There's a lot to like about it.  In the past I've wondered what draws me to the series most.  The atmosphere of sweet, awkward melancholy or the dreamy quality of the storytelling (interrupted by brief and disturbingly clear instants of graphic violence and action)?  Is is the reflective mood?  The detached but sad tone?  The brisk pacing that seems languid at the same time?  The spine-tingling weirdness that creeps in sometimes?  The amusing and crotchety relationship between the lead characters?

This round (volume 3), though, I realize that one of the most powerful draws to it for me is the way that it approaches the walls we put up around ourselves and how to co-exist with them.  That sounds dreadfully opaque.  What it comes down to is that I respect this author for not taking the easy way out, like so many other Japanese stories about teen girls do.  We put walls up, and there can be all kinds of very legitimate reasons for that.  In a lot of Japanese stories aimed at teen girls, the author will tease me by bringing up the subject and then inevitably let me down by making the answer a simple, "Bust down the walls, be friendly to everyone, and everything will be fine!  Nice conquers all!"  That is not reality.  It is false, saccharine, and kind of enraging, especially when it's the cliche in a long series that could do so much with the idea.

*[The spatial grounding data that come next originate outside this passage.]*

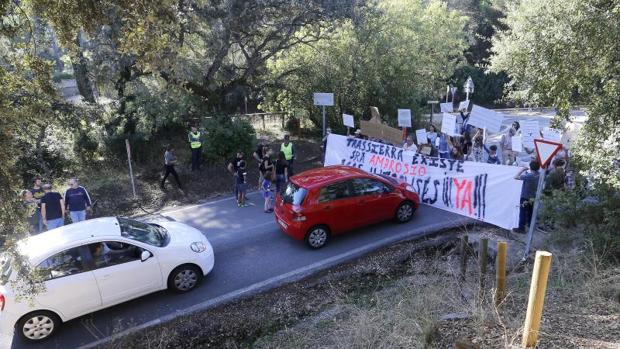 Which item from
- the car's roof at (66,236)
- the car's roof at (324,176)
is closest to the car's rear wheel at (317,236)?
the car's roof at (324,176)

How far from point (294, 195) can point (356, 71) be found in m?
10.6

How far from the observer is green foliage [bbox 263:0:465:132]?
18.4 metres

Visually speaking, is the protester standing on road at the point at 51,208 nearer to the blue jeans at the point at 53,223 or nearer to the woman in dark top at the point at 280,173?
the blue jeans at the point at 53,223

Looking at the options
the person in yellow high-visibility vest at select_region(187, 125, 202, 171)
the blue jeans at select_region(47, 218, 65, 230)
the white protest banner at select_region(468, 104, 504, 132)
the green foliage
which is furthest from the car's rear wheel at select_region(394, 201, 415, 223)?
the green foliage

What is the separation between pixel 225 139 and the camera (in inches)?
627

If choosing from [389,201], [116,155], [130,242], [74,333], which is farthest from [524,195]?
[116,155]

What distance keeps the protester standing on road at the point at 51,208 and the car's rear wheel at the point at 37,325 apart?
12.1ft

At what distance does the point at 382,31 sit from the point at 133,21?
14.4m

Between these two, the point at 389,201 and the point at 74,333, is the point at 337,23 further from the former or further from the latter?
the point at 74,333

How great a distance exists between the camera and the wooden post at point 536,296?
3.99 metres

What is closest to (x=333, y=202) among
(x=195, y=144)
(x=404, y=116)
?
(x=195, y=144)

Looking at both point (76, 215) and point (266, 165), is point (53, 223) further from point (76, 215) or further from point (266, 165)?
point (266, 165)

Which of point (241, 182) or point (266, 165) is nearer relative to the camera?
point (266, 165)

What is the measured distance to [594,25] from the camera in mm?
6844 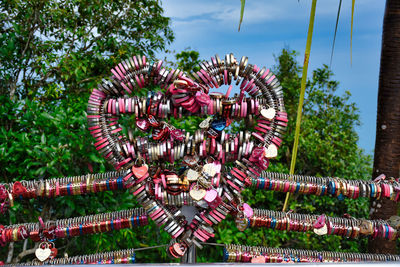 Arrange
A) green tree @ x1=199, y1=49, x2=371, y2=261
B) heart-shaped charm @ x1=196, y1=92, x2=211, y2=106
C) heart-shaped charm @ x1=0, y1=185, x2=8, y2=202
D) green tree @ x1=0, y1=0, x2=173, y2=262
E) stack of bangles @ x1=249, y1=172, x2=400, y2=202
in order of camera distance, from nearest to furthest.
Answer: heart-shaped charm @ x1=196, y1=92, x2=211, y2=106 < heart-shaped charm @ x1=0, y1=185, x2=8, y2=202 < stack of bangles @ x1=249, y1=172, x2=400, y2=202 < green tree @ x1=0, y1=0, x2=173, y2=262 < green tree @ x1=199, y1=49, x2=371, y2=261

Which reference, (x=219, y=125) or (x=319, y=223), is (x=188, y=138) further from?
(x=319, y=223)

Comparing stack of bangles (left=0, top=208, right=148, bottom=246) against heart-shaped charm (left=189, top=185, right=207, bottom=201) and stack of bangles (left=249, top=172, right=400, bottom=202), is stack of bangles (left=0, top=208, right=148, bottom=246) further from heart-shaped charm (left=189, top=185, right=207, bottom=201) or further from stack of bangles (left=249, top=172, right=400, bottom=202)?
stack of bangles (left=249, top=172, right=400, bottom=202)

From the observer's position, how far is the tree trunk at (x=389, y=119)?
1945 mm

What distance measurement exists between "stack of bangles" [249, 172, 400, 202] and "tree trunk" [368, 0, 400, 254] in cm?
51

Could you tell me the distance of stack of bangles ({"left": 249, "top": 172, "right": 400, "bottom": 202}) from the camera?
4.76ft

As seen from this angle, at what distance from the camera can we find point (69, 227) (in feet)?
4.58

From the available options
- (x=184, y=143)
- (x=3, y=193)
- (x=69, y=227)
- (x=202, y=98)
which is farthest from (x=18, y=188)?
(x=202, y=98)

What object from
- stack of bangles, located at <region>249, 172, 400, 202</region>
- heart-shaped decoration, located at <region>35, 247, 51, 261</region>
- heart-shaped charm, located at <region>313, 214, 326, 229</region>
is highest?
stack of bangles, located at <region>249, 172, 400, 202</region>

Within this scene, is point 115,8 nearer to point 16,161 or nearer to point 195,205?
point 16,161

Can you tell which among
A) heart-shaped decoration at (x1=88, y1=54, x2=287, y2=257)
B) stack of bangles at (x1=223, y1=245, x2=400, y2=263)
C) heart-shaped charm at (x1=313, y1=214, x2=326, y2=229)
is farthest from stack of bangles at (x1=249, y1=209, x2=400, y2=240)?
heart-shaped decoration at (x1=88, y1=54, x2=287, y2=257)

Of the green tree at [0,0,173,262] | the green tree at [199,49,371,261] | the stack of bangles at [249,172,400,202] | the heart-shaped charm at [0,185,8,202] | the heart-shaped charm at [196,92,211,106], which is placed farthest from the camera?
the green tree at [199,49,371,261]

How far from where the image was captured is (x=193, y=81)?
48.0 inches

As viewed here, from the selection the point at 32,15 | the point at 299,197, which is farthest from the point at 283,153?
the point at 32,15

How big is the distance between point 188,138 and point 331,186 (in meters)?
0.64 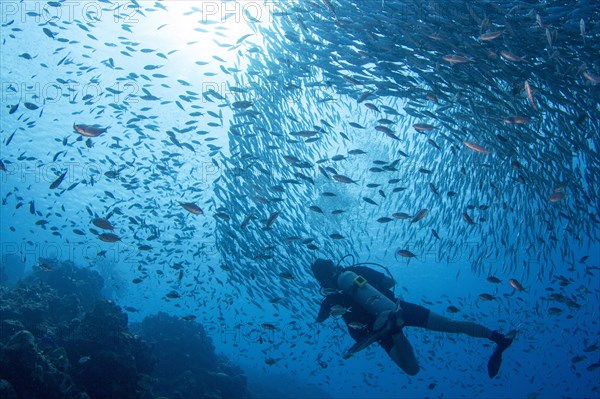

Don't get me wrong: I can like those series well enough.  I do like a happy ending.  But I love a happy ending that is earned by blood, sweat, and tears. I love a series like Kieli that says, "Here is what it's like for these people who have excellent reasons to have walls, and here is how sometimes they trust, and it's a good thing, and sometimes they trust and it's a bad thing.  Here is how their walls save them and keep them alive, and here is how their walls crush them, sometimes at the same time."  In other words, it's kind of like real life even though the setting is horror/fantasy/sci-fi.  I love how "genre" works can sort of sidle up to these issues and deal with them sideways.

I do want a happy ending for these characters; I really do.  But I want a believable happy ending.  And I don't see yet how that will happen.  The author is too good at those real-life twists and turns to pander to the reader.  They're billing it as a romance, so I believe things will work out, and I look forward to seeing how, but right now, I love reading about these broken people searching for God knows what.